When Harriet Green was announced as the new chief executive of Thomas Cook, shares in the struggling holiday firm fell. They did so again this week, when her abrupt departure from the helm was disclosed.

In between times, Thomas Cook was revived, refocused and refinanced – and, for the City and the wider world, Green transformed from being an unknown quantity to a whirlwind yoga fanatic who was quick to dispense modern management truths.

In less than two years, she became a poster girl for women business leaders: less homespun and dry-witted than Dame Marjorie Scardino, once at education group Pearson, and more accepting of the glare of publicity than cigar-puffing Alison Cooper at Imperial Tobacco.

She stood out because she told women they had to do more if they wanted to get on, that getting hired required "us to get off our bottoms and not wait for someone to call us".

Green practised what she preached at Thomas Cook, writing to Frank Meysman, the chairman, telling him she had the skills he was looking for. "I felt I had enough experience, that I would be pacy, resilient and be able to generate belief," she told me.

She was similarly decisive in choosing her husband of 10 years, Graham, with whom she has two 20-something step-children.

When I first met Green, which must have been four years earlier, it was clear she was going somewhere, if not specifically into the travel industry.

At the time, she was in charge at Premier Farnell, trying to sprinkle some dotcom magic on to a dusty distributor of just-in-time electronic components such as microchips and batteries. She had served a hard apprenticeship to get this far, working on four continents, often taking the jobs "that the Goldenballs didn't want to do".

 

There was a sense that she offered something different, down to the staff motivation techniques such as judging the kids' fancy dress contest on family days.

All this was before I knew the truth: that the hard-driving Green could get by on a Thatcher-like four hours sleep a night, and well before she came up with such management gems as describing herself as a "landa", a cross between a lion and a panda. "I can roar, make things happen, (be) incredibly aggressive and assertive. But I can also be a big panda – big eyes, big hugs."

Green achieved something similar at Thomas Cook, restoring confidence in an organisation that still booked 25 million customers a holiday when it was in the depths of a financial crisis.
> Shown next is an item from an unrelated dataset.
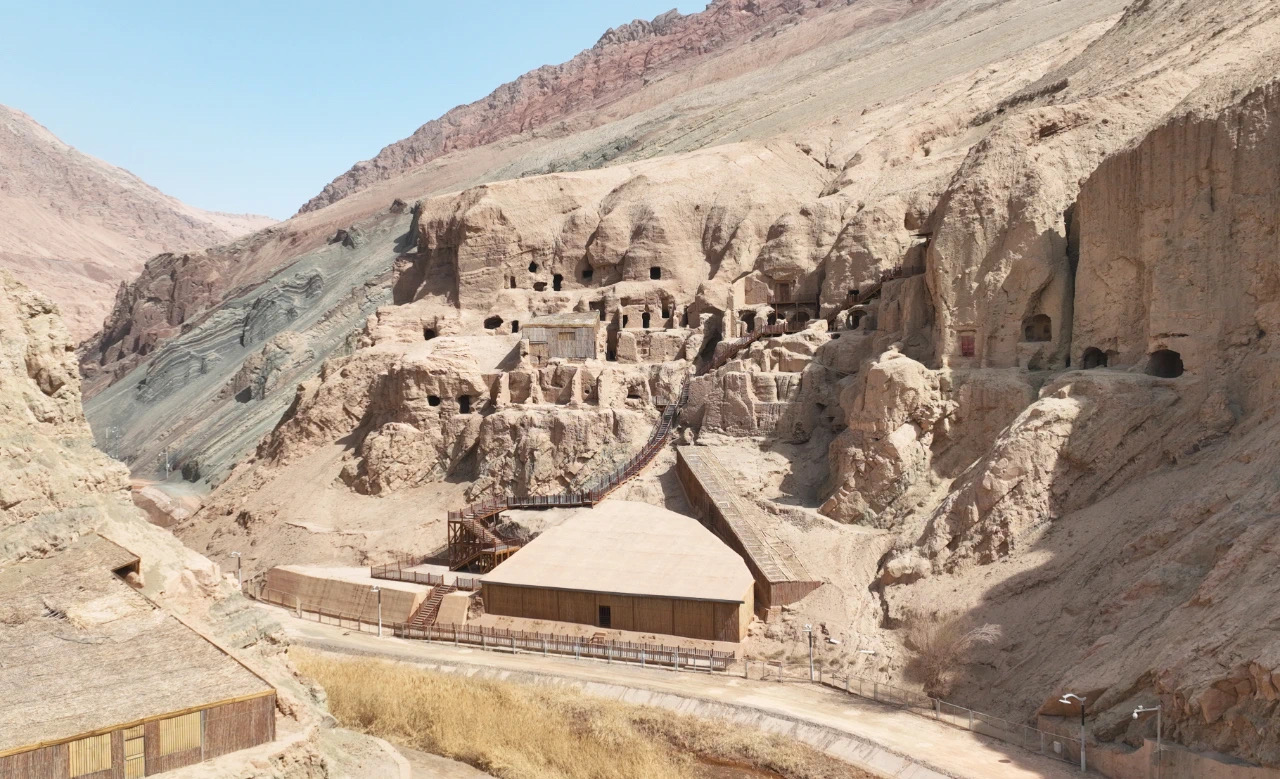 A scenic view of Turpan Tuyugou Shiku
When I interviewed her about this latest turnaround, she sat coiled like a cat, sipping green tea, with her leg going 19 to the dozen as if she had been mainlining espressos, before describing to me new shops that looked "a lot more Apple than travel".

That women have to act like men to get on in Corporate Britain is a nonsense. That we are still fascinated by those that break through the glass ceiling is a function of them still being the exception, not the rule.

The Green model was to work faster and harder than anyone else. Those 5.30am emails were not to everyone's tastes internally, it seems. But there is no doubt that her phone will have been ringing with new opportunities.

Green has fierce ambitions for her own career. Some read that last Thomas Cook press interview, when she invited a journalist to join her in the early hours one morning on the yoga mat, as a glossy job application for an as-yet-unknown role.

But she was also keen to inspire the next generation of female business leaders who are still in the classroom. If Green's rise to prominence has encouraged schoolgirls to dream about life beyond becoming a pop star, she will be secretly pleased.